Output exactly the lines from the one containing "Kratax Wiederaufladbare 1,5V" through the final line of the entries below, both included, and skip the pictures.
/---
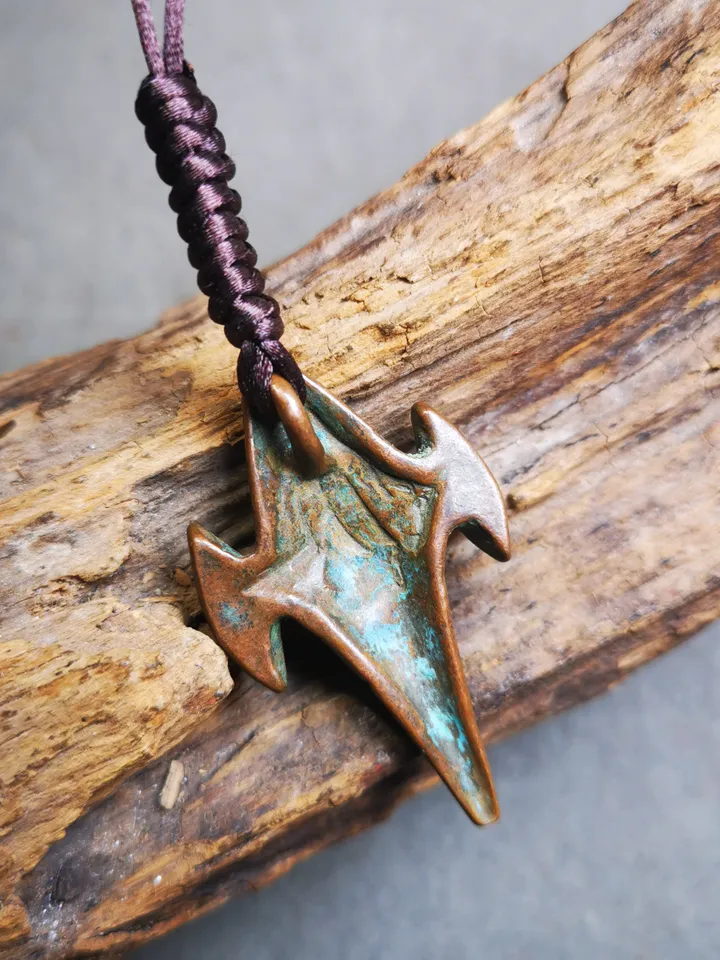 Gandhanra Acient Shankha(Divine Conch) Badge,Tibetan Buddhist Protective Amulet Pendant,Made of Brass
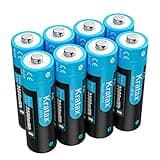Kratax Wiederaufladbare 1,5V AA Lithium Akku, 1,5V Konstanter Ausgang, 3500mWh und 1600 Mal Langer Zyklus, 8 Stücke Lithium AA Akku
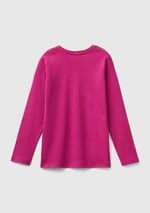 United Colors of Benetton Önü Parıltılı Logo Baskılı Regular Fit Uzun Kollu T-Shirt T-Shirt Kız çocuk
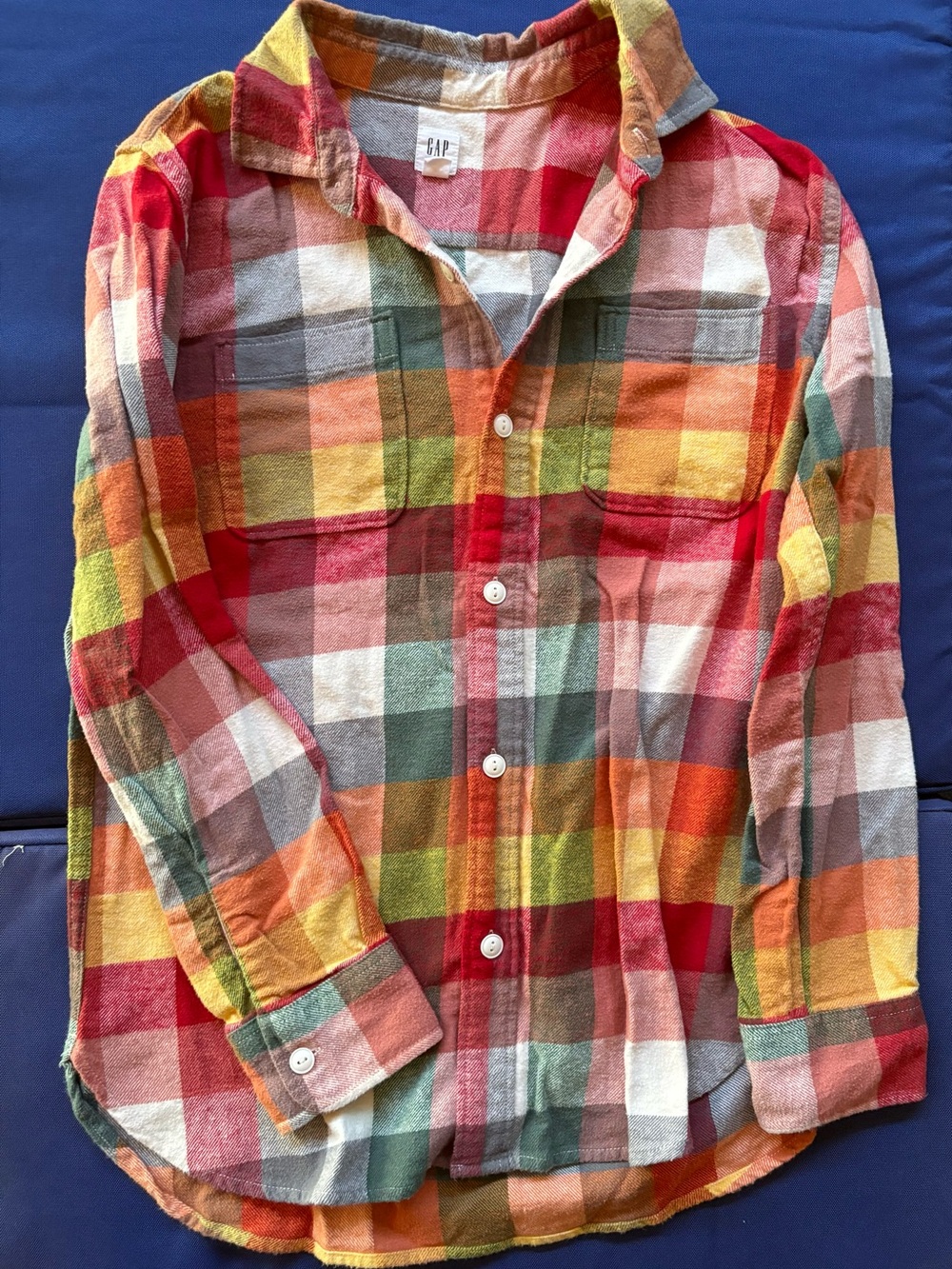 GAP Multicolor Plaid Cotton Button-Down Shirt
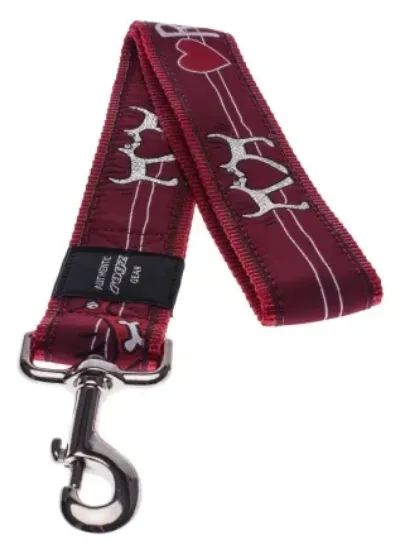 Снимка на Rogz Red Hearts XXL - Повод за кучета , 40мм / 50 см. черен със сърца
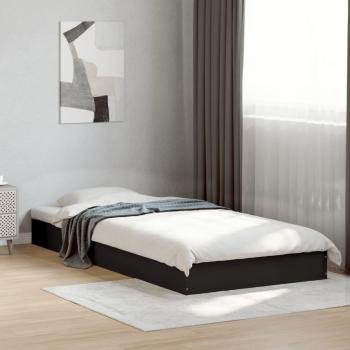 Cama de madera de ingeniería negra 75x190 cm Vidaxl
\---
#### Response to the task
Kratax Wiederaufladbare 1,5V AA Lithium Akku, 1,5V Konstanter Ausgang, 3500mWh und 1600 Mal Langer Zyklus, 8 Stücke Lithium AA Akku
 United Colors of Benetton Önü Parıltılı Logo Baskılı Regular Fit Uzun Kollu T-Shirt T-Shirt Kız çocuk
 GAP Multicolor Plaid Cotton Button-Down Shirt
 Снимка на Rogz Red Hearts XXL - Повод за кучета , 40мм / 50 см. черен със сърца
 Cama de madera de ingeniería negra 75x190 cm Vidaxl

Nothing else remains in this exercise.